Stop Thief

In all the preparations for the big day there is one concern that is almost universally overlooked – and that is security. It is only when something happens and a thief takes a present or a bag that everyone rushes over to advise people to be careful. It can cause a terrible dampener on the day for no one likes to think they have invited friends over to be robbed!

Debbie from Stillorgan discovered the hard way what is was like to feel responsible for her guests’ handbags. She booked her reception in a major Dublin Hotel and has no complaints about the service except that in hindsight the drinks reception was hosted in a public portion of the hotel.

“The bridal party remained behind to have photographs taken at the church,” explains Debbie. “We asked the other guests to convene at the hotel and explained that we would have a champagne reception at 2pm.

“However, there was a shortfall of about 40 minutes between the service and the reception beginning and so naturally many of the guests moved into the public bar in the hotel. It was there that two handbags were taken right under the women’s noses. I felt dreadful and despite my friends assuring me that it could have happened anywhere I still felt responsible.”

Debbie’s dilemma is common to many brides. There have been worse cases where bridesmaids have left purses in the vestry during the service only to find a light fingered thief popped in and made off with them. The advice proffered by priests in churches to ask a friend or member of the congregation mind purses rather than leave them in an unaccompanied room – which may have access from outside the church.

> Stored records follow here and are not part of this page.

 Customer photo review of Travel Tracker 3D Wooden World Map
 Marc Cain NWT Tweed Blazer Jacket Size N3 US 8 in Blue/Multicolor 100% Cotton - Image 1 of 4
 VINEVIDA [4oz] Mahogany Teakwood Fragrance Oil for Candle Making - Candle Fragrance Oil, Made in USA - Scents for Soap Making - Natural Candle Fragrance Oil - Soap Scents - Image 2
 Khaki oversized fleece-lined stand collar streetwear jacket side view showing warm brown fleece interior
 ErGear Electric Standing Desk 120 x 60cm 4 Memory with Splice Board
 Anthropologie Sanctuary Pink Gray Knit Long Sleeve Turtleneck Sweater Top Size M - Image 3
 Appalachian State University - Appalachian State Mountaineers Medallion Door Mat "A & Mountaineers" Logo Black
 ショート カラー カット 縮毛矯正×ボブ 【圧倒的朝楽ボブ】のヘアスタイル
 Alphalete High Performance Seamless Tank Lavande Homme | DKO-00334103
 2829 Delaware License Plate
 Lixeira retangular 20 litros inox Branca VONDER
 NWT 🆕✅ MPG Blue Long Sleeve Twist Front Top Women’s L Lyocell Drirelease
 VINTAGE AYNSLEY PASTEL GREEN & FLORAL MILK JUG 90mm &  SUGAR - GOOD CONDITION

Shirley’s story is slightly different but no less terrible. She had received her weddings presents and had arranged them in her parent’s living room. “It is a very traditional thing to do,” says Shirley. “Mum suggested it and it was great when friends came to visit, especially elderly aunts, as I could show them the lovely gifts I have received.”

Unfortunately for Shirley it was not just her aunts that took notice of her gifts, an enterprising thief did too. On the big day, there was no one left at home and a thief arrived with an estate car, broke in and literally took about half her presents.

“The only fortunate aspect was that the thief had no regard for china, as that was the centrepiece of my presents,” explains Shirley. “But televisions, watches, and anything electrical were all taken.”

As with funerals, weddings do attract attention and brides are advised to ensure that a neighbour or friend house-sit on that day. With regard to guests in hotels, the best advise is to warn your guests if any part of day means the function rooms or bars are shared with the general public. That means leaving bags on tables is not an option, not if you want to find it there when you return from the bar.

However, some people can just be plain unlucky. Deirdre hosted a large wedding in a hotel and took over the private dining areas. It should have been safe as houses except that a thief, obviously dressed as a guest, wandered into the middle of the reception bold as brass and picked up a couple of extra bags, each time explaining that Bernie (whoever she was) has asked him to fetch her handbag. It could have been worse as his accomplice, an attractively dressed young woman, also worked the other end of the room. However, while the man was largely ignored and no one paid much attention to his gathering of bags, the young lady was spotted. It seems women do not pick up the wrong bag by mistake! She made some very bad excuses and fled the hotel but the guests were three bags down overall, so three to the thief and zero to the bride.

So, be on the lookout. Have the best man parcel out bridesmaids purses in the church, warn your guests if part of the reception in held in public areas and make sure that you don’t attract any extra guests in the reception itself!